> _WHAT TO WORK ON_:
Look through the entries below and copy exactly the part that begins with the line containing "Round Diamond Stud Earrings" and ends with the line containing "United Colors of". Do not copy the pictures.

> _RECORDS SUPPLIED_:
* * * *

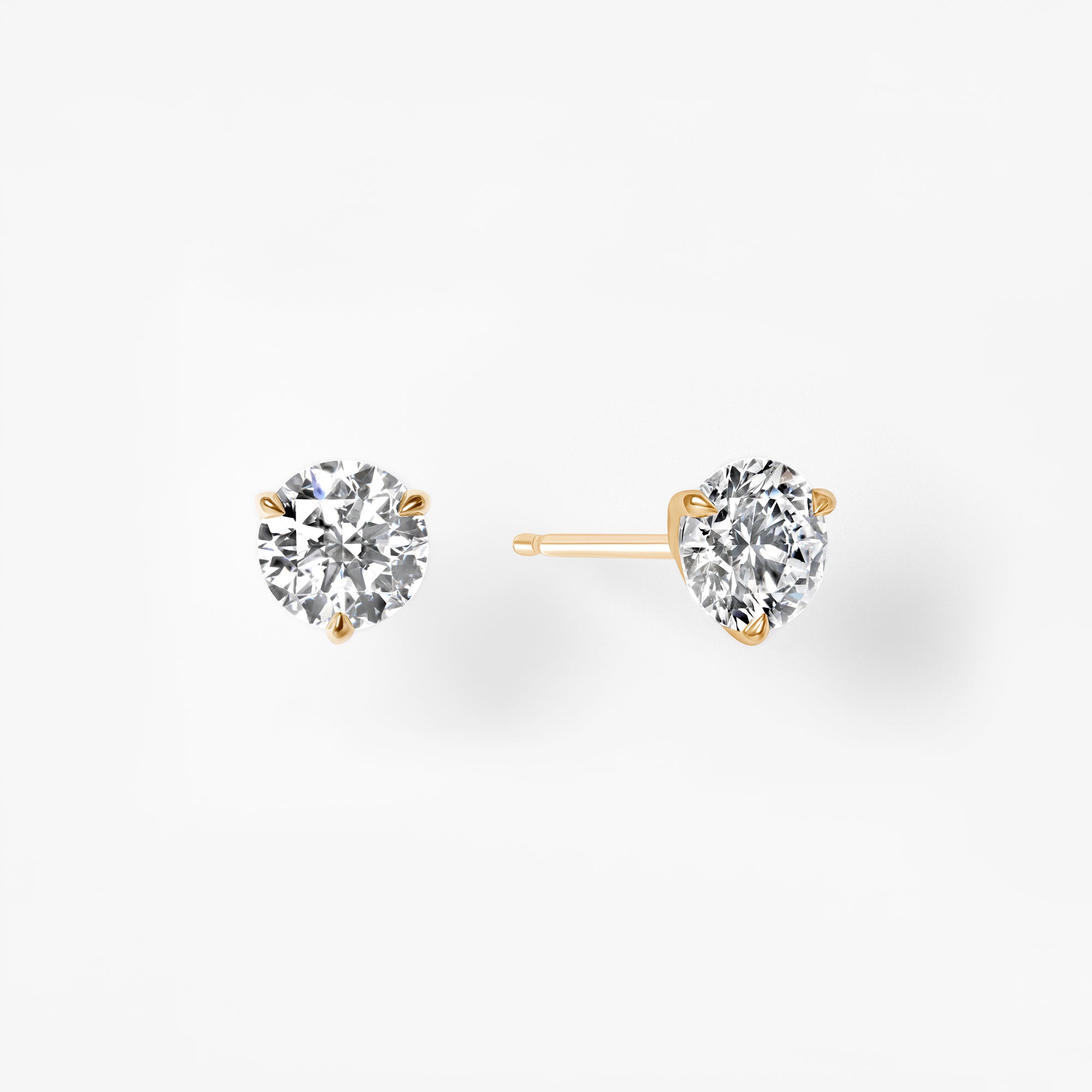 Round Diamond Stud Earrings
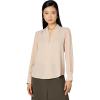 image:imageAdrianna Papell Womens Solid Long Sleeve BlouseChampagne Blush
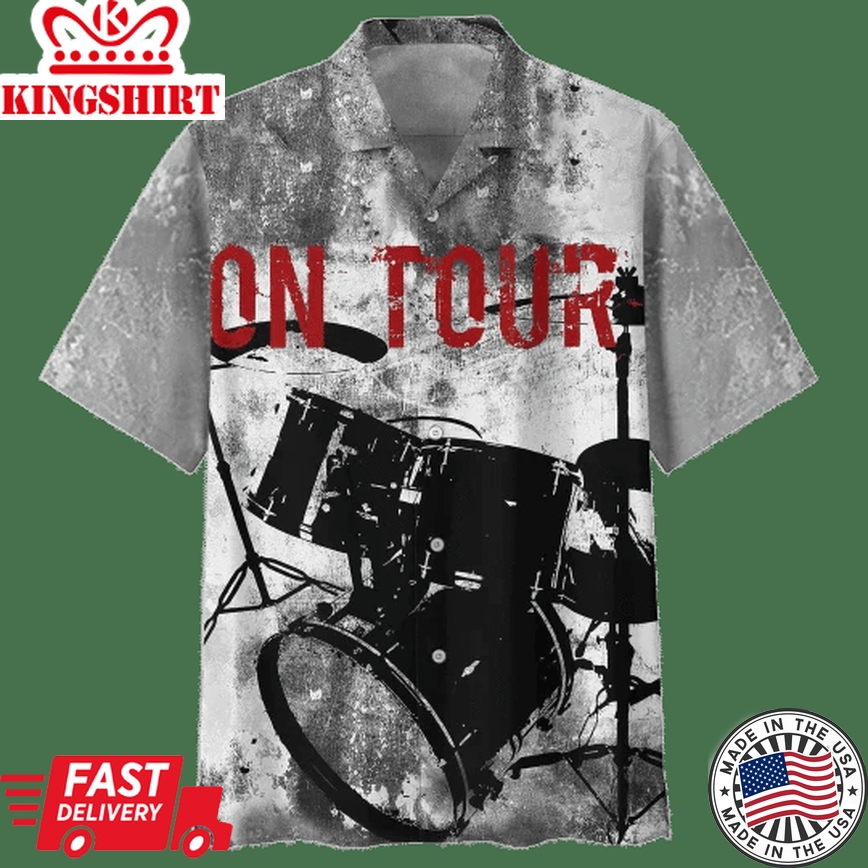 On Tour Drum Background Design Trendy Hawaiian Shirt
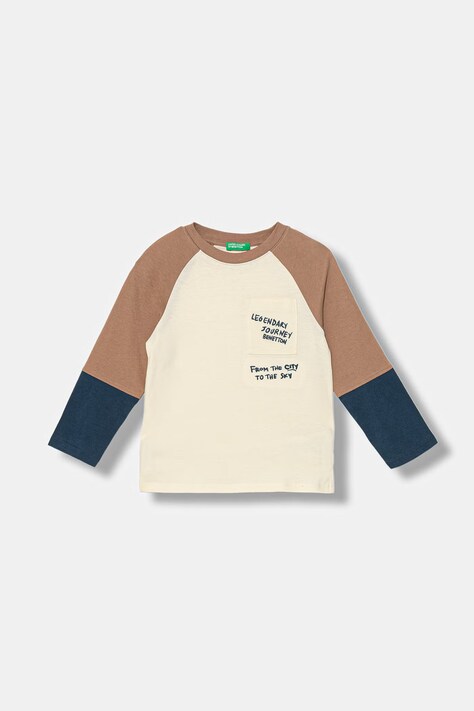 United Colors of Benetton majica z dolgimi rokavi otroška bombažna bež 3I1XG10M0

* * * *

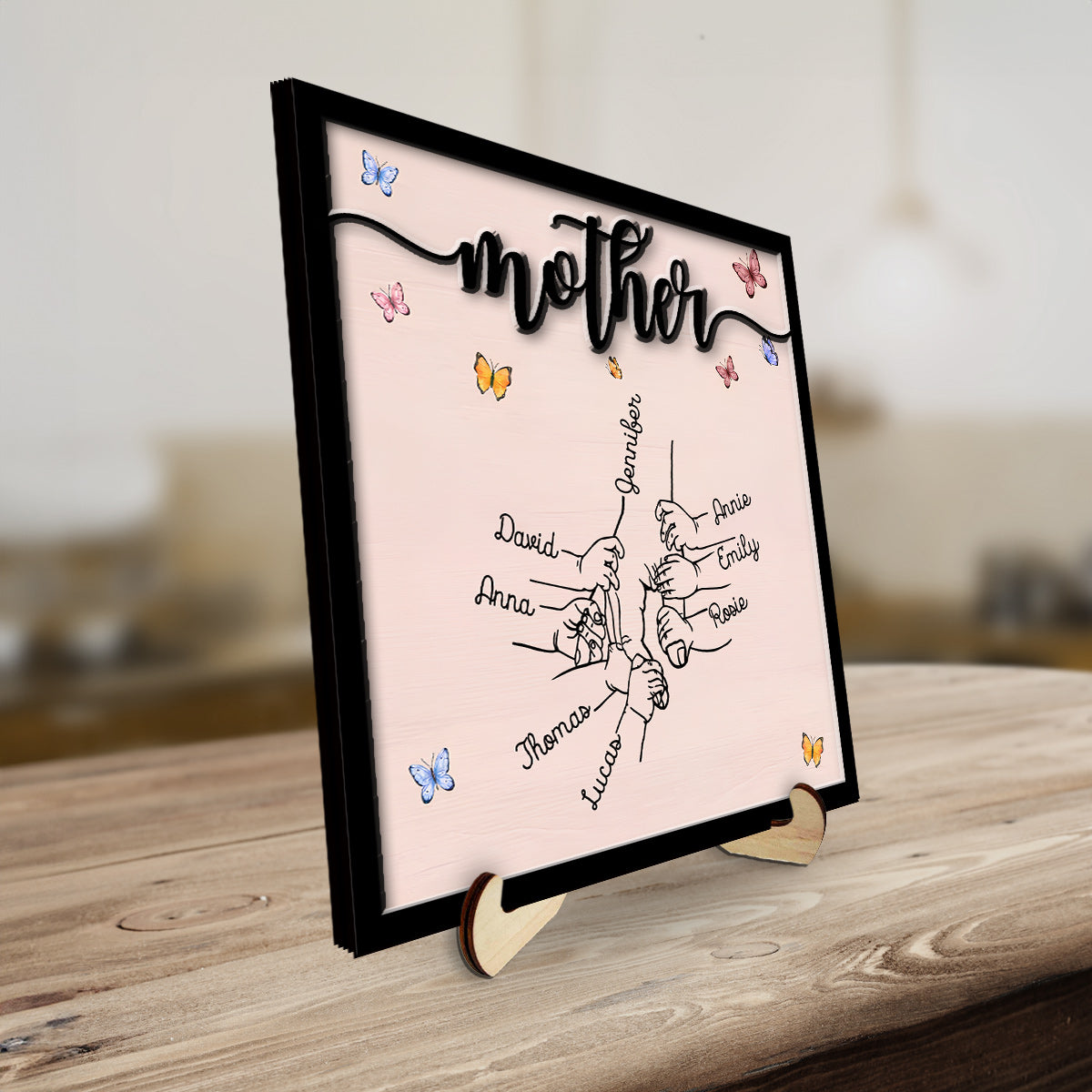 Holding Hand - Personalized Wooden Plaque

* * * *

> _REPLY TO THE TASK_:
 Round Diamond Stud Earrings
 image:imageAdrianna Papell Womens Solid Long Sleeve BlouseChampagne Blush
 On Tour Drum Background Design Trendy Hawaiian Shirt
 United Colors of Benetton majica z dolgimi rokavi otroška bombažna bež 3I1XG10M0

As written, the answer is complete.